→ **Assigned task**: Would you retype the listing word for word, skipping its pictures?

→ **Data segment**:
■ ■ ■ ■ ■

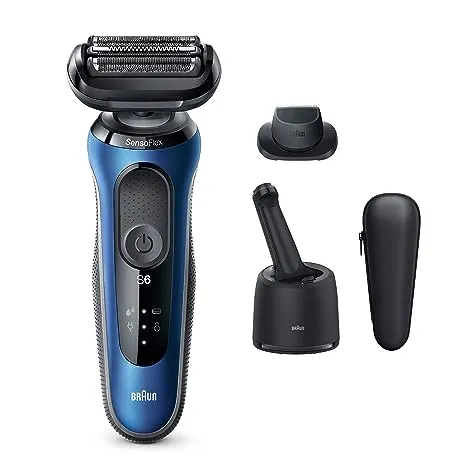 Braun Electric Razor for Men, Series 6 6072cc SensoFlex Electric Foil Shaver with Precision Beard Trimmer, Rechargeable, Wet & Dry with 4in1 SmartCare Center and Travel Case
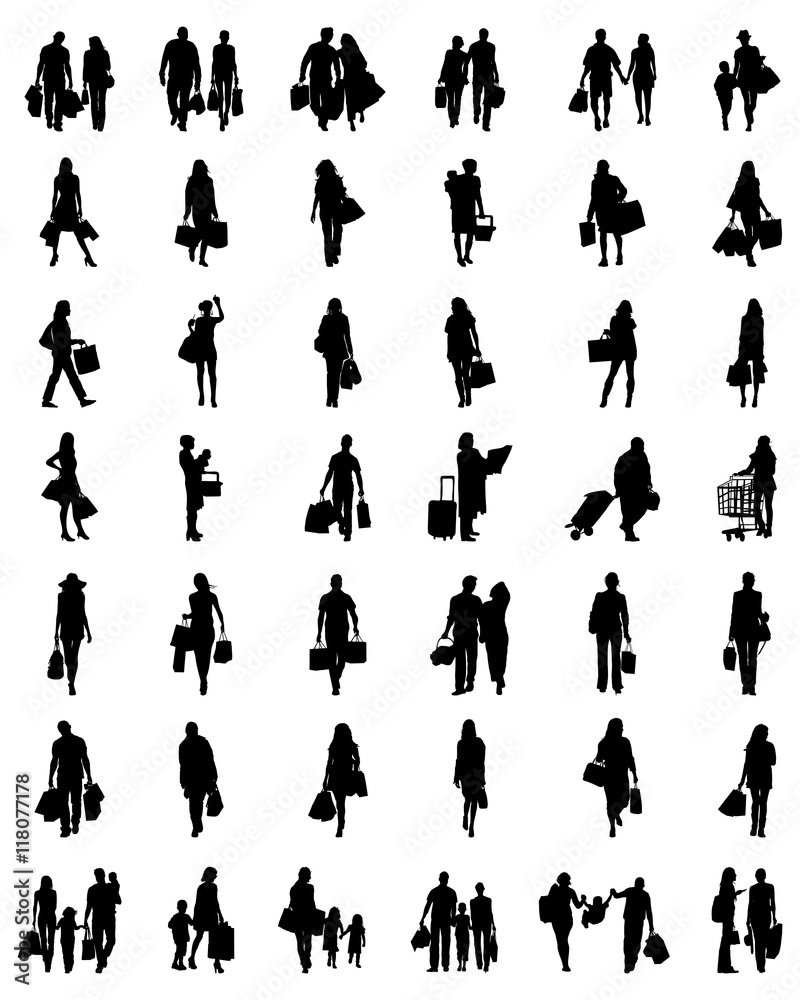 Black silhouettes of people in the shopping, vector Black silhouettes of people in the shopping, vector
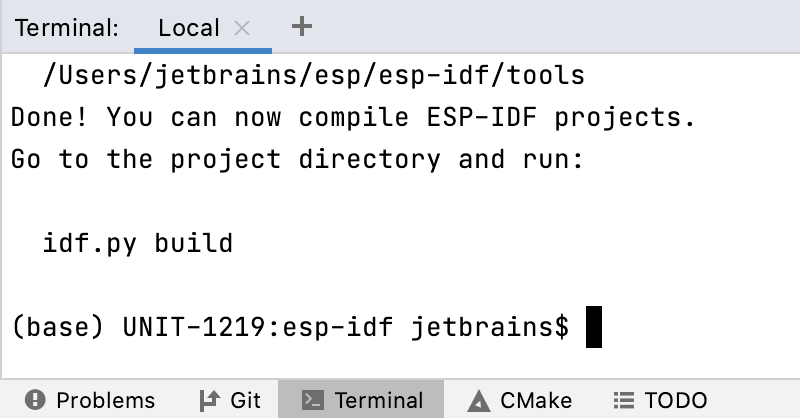 The result of setting ESP-IDF environment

■ ■ ■ ■ ■

→ **Written solution**:
 Braun Electric Razor for Men, Series 6 6072cc SensoFlex Electric Foil Shaver with Precision Beard Trimmer, Rechargeable, Wet & Dry with 4in1 SmartCare Center and Travel Case
 Black silhouettes of people in the shopping, vector Black silhouettes of people in the shopping, vector
 The result of setting ESP-IDF environment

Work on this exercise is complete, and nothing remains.